In spite of their popularity, multi-level appraisal theories with their functional view of cognition have been subject to persistent criticism especially in philosophy. One of the most vehement critics of this approach has been Paul Griffiths (1997; 2004), who argues that functional similarities are shallow in comparison to homological similarities that are manifested at the level of causal mechanisms and physiological implementation. Appraisal theories are vulnerable to such criticism as they avoid commitments in these matters or provide only tentative hypotheses (Moors, 2009). Thus, Griffiths claims that instances of the same vernacular emotion type such as anger, fear, and sadness fall into two subtypes - affect program emotions and cognitively complex emotions - which have little in common. Affect programmes are phylogenetically ancient, informationally encapsulated, and reflex-like emotional responses that are homologous with the emotions of other vertebrates, and therefore, constitute a plausible natural kind. In contrast, complex emotions are culturally specific responses that operate on semantically structured representations of objects, events, or states of affairs, without possessing a distinct, emotion-specific physiology. Griffiths (1997, p. 16) concludes that "the two kinds of emotion have different phylogenies, different adaptive functions, different neuroscience, and different roles in human psychology, [and therefore t]he concept that groups them together has no discernible theoretical utility."

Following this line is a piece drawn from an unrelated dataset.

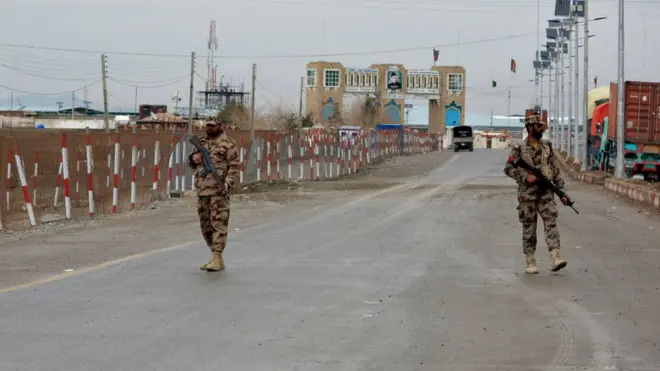 پاکستان له دې مخکې د دوو ورځو لپاره د ایسارو کسانو اوښتو لپاره دروازې پرانیستې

With these theoretical tools Griffiths attacks multi-level appraisal theories that purport to bridge the gap between affect programme emotions and complex emotions by maintaining that all instances of the same vernacular emotion type share the same or similar content. Griffiths argues that this view contradicts the hierarchical architecture of the emotional brain. Representations with the same content cannot operate at different levels of implementation. Further still, he suggests that there are several differences between low- and high-level appraisals. First of all, lower-level emotional appraisals involve action-oriented representations that unite the functions of belief and desire. This kind of "collapse of the attitudes" (Millikan) is typical of mental representations in simple organisms. Moreover, Griffiths argues that lower-level representations differ from higher-level ones in terms of their impoverished inferential role:

First, low-level appraisal processes do not have access to most of what is represented elsewhere in the brain... Secondly, the processes of affective computing, as opposed to their final output, are not available for inspection by other cognitive subsystems.... Finally, the inferential principles used in affective computing are not truth-preserving, but heuristically survival-enhancing. (Griffiths 2004, p. 247)

Together these arguments suggest that theories based on functional accounts of cognition skate over important dissimilarities between different kinds of emotions and their eliciting appraisals, which therefore cannot have the same content even in terms of their causal-representational role. Even if emotions involve mental representations that function as inner causes of emotion, those representations and the ensuing emotional responses are too dissimilar to each other to ground an informative representational theory of the emotions in the manner suggested by Charland (1997). This conclusion leads to the next level of analysis where the question about the role of cognition in emotion is put in terms of mechanisms and formats of representation.